In this exercise we will compute total and strand-specific coverage from RNA-Seq alignments. The coverage files will be examined visually in IGV, and strand information compared with known annotations.
Data for this tutorial was provided by Brian Haas and can be found in the "data/rna" directory. This dataset was derived from S.Pombesamples and includes RNA-Seq strand-specific paired-end reads, a genome fasta reference file, annotations, and genome annotations
igvtools requires Java version 1.6 or later, so before proceeding verify that Java is installed by executing the following from a command terminal.
java -version
Download the latest version of igvtools from www.broadinstitute.org/igv/download and save the zip archive to your home directory. Some browsers, notably safari, will unzip the archive automatically. In this case just move the IGVToolsfolder to your home directory and skip the unzip step below.

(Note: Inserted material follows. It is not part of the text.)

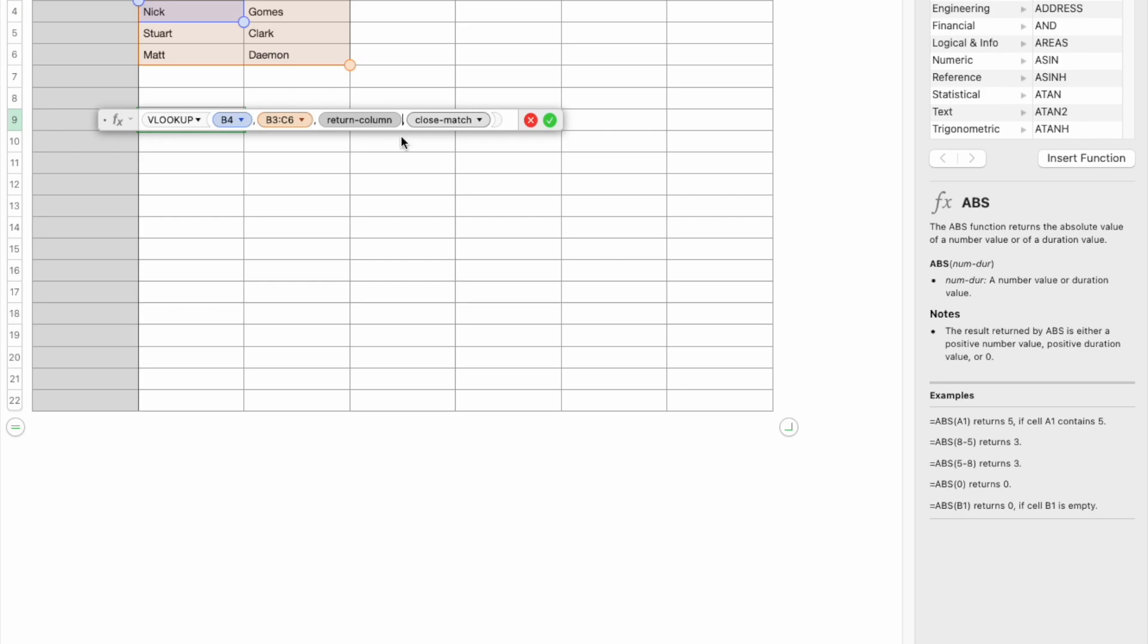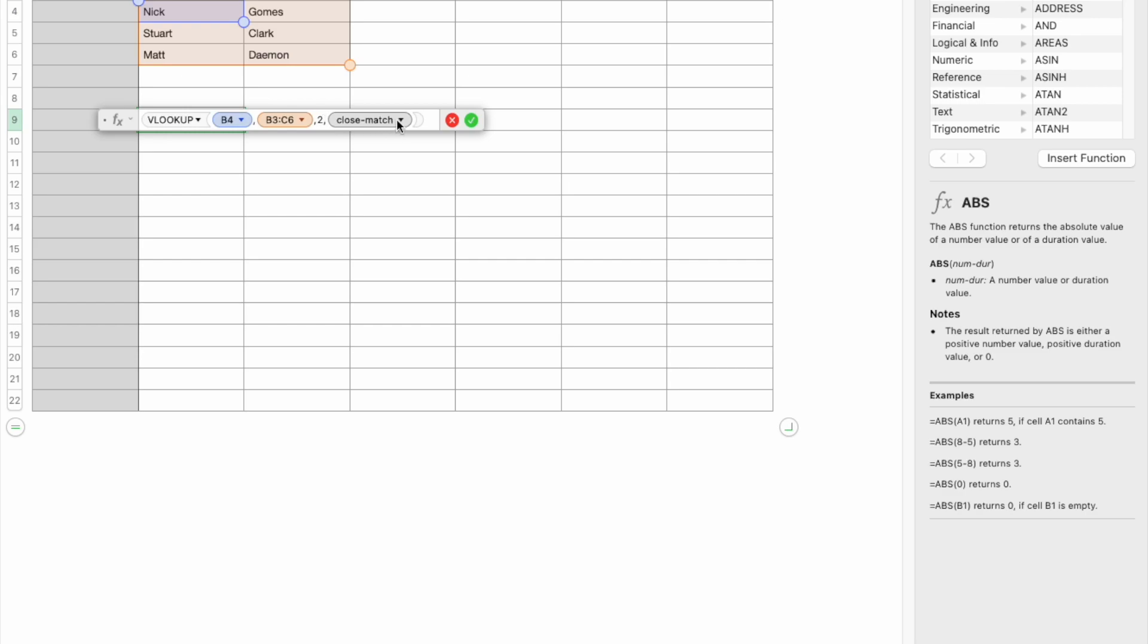have to specify the column number as such because you don't know where it is from the table. You want the second column to be returned. So, your table only has two columns, B and C, so you want the second column to be returned if Nick is found anywhere in the table.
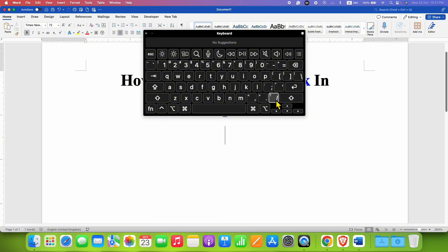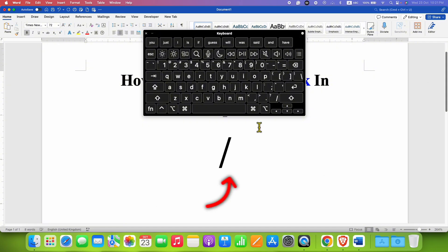However, the question mark button is secondary button and the forward slash is the primary button. So when you press this button instead of question mark, you will get forward slash.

Open a command terminal in your home directory and unzip the archive (excute "cd" to insure you are in the home directory)
unzip igvtools_2.3.37.zip
Verify the installation by executing the following
~/IGVTools/igvtools
You should see a version and usage string followed by a summary of commands.
Now add the igvtools command to your path environment variable.This is optional but makes typing the command convenient. If you skip this step you will need to type the full path (or ~/IGVTools/igvtool) to execute the program. The syntax depends on the shell you are running.
For csh and tcsh
set path = ( $path ~/IGVTools)
For bash:
PATH=$PATH:=IGVTools
If you aren't sure which shell you are running try both commands above (one should work and the other is harmless).
Verify the path setting by executing
igvtools
To compute a total coverage file in "tdf"format first open a terminal in the data/rna directory then execute the following:
igvtools count Sp_ds.bam Sp_ds.bam.tdf genome.fa
This should produce a file called "Sp_ds.bam.tdf" containing coverage data for the entire bam.Now compute a strand-specific coverage file. This is possible because the RNA library used for the sample dataset was strand preserving. Specifically, for this library, the strand of the first read of each pair corresponds to the strand of the fragment sequenced. Use the optional "--strands" arugment to separate the coverage count by strand
count --strands first Sp_ds.bam Sp_ds.bam.strands.tdf genome.fa
Launch igv and load the custom genome, annotations, and bam file.
Note: the total coverage file is loaded automatically.
Load the strand specific coverage file "Sp_ds.bam.strands.tdf"
Zoom in on a peak until alignments are shown
Color alignments by strand by right-clicking in the alignment track, then selecting "Color alignments by > first-of-pair strand".
Verify that coverage tracks and alignments correspond with the known strands of the gene annotations.